**EXERCISE PROMPT:**
An exact transcription of the lines from the one holding "Futuristic Neon Arrow" to the end of the entries below, and nothing more, is the required answer. Please omit the pictures.

======== DATASET EXCERPTS ========

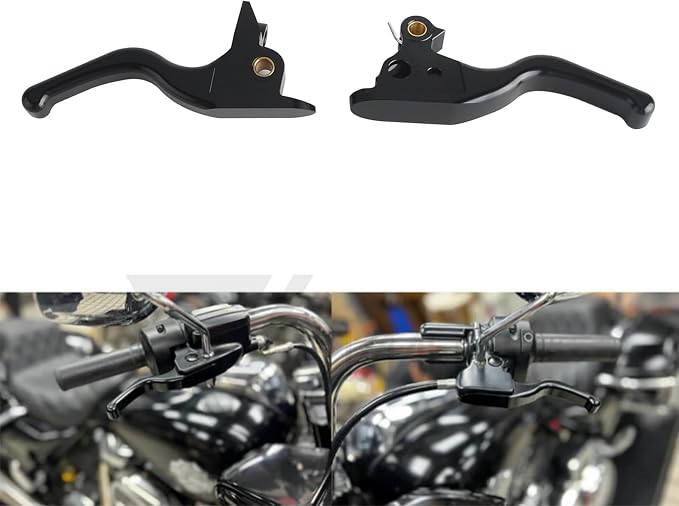 3 Finger 5.9" CNC Shorty Hand Control Lever Kit - Brake & Clutch Levers for Harley Touring (21+ with Spring) - Black Aluminum, Chrome Finish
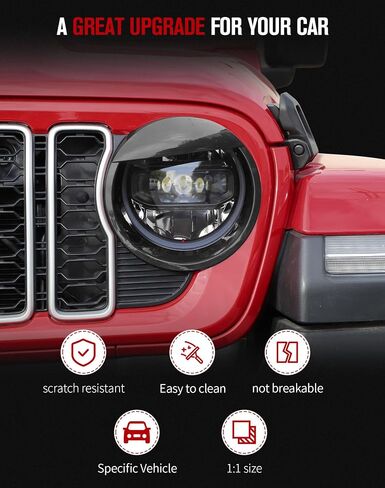 أغطية المصابيح الأمامية من JeCar ملحقات خارجية لحواف الإضاءة الأمامية Angry Brid المتوافقة مع Jeep Wrangler 2024 JL JLU & Gladiator JT 2024، أسود in Saudi Arabia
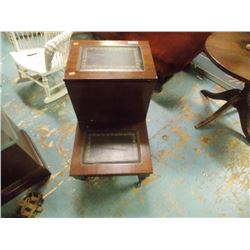 VINTAGE WOOD STEP FULL OF CASSETTE TAPES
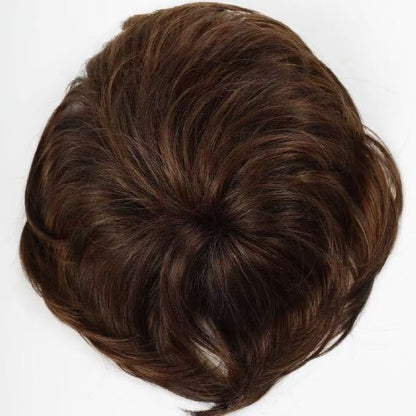 Short Pixie Cut Human Hair Topper with Bangs for Women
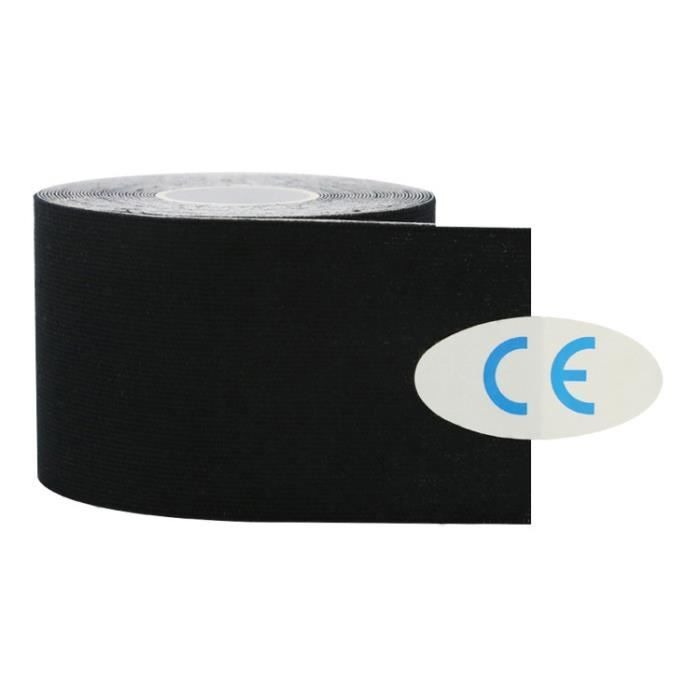 Rouleau De Ruban Kinésiologique (KT Tape) - 2 Pouces X 16.4 Pieds, Coton Élastique, Noir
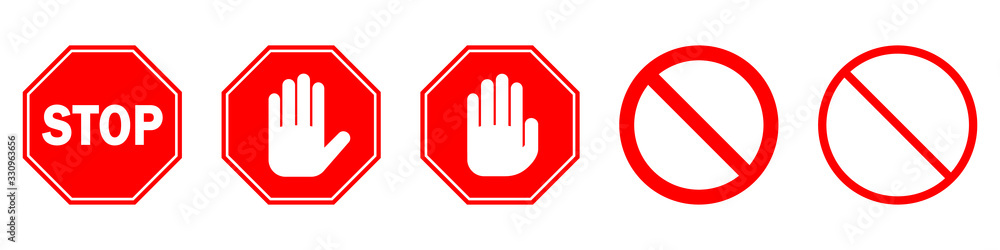 Red STOP sign isolated. Vector Stop hand sign - obrazy, fototapety, plakaty 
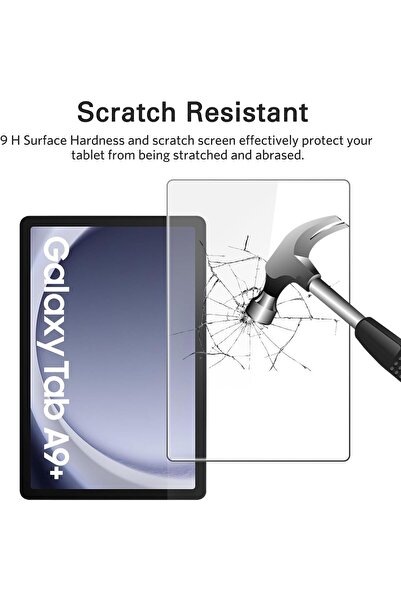 AWH عبوة من قطعتين من واقي الشاشة لجهاز Samsung Galaxy Tab A9 Plus مقاس 11 بوصة 2023، زجاج مقسّى، عالي الدقة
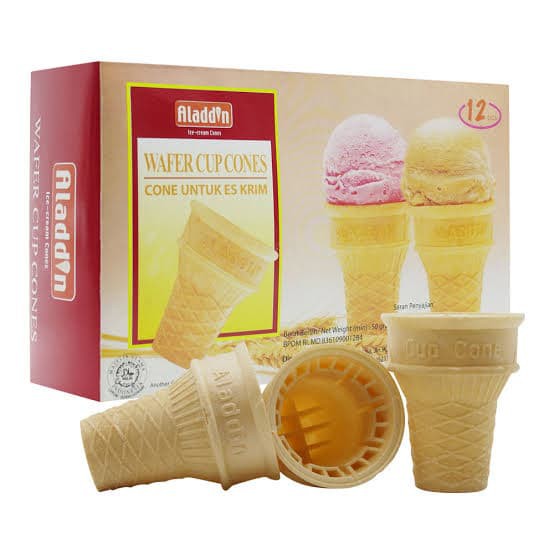 

Wafer Cup Cone 12pcs Aladdin kon es krim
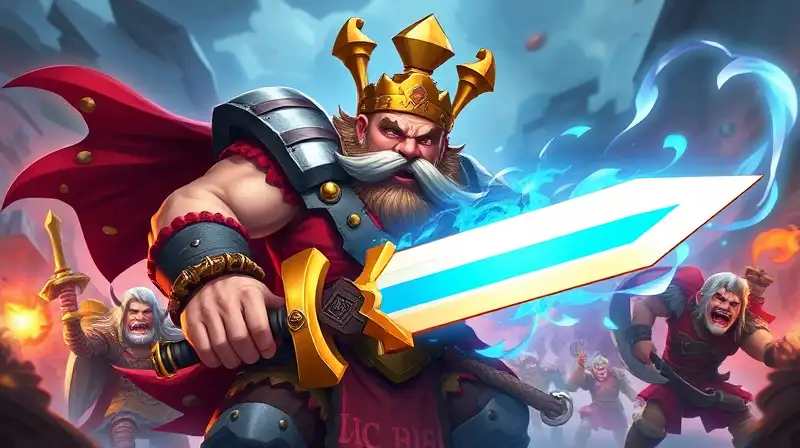 Rey Bárbaro heroico con espada mágica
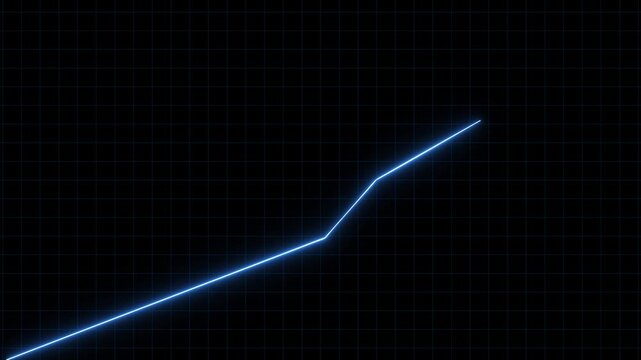 Futuristic Neon Arrow Business Growth Animation with Financial Chart, Stock Market Trend, Digital Finance Technology and Upward Success Concept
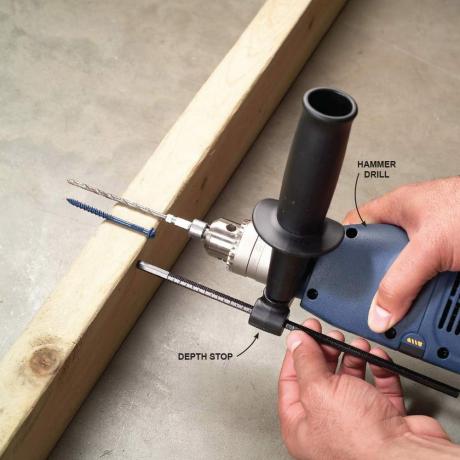 Naudojant gręžimo gylio ribotuvą su grąžtu plaktuku | Statybos profesionalų patarimai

========

**EXERCISE ANSWER:**
 Futuristic Neon Arrow Business Growth Animation with Financial Chart, Stock Market Trend, Digital Finance Technology and Upward Success Concept
 Naudojant gręžimo gylio ribotuvą su grąžtu plaktuku | Statybos profesionalų patarimai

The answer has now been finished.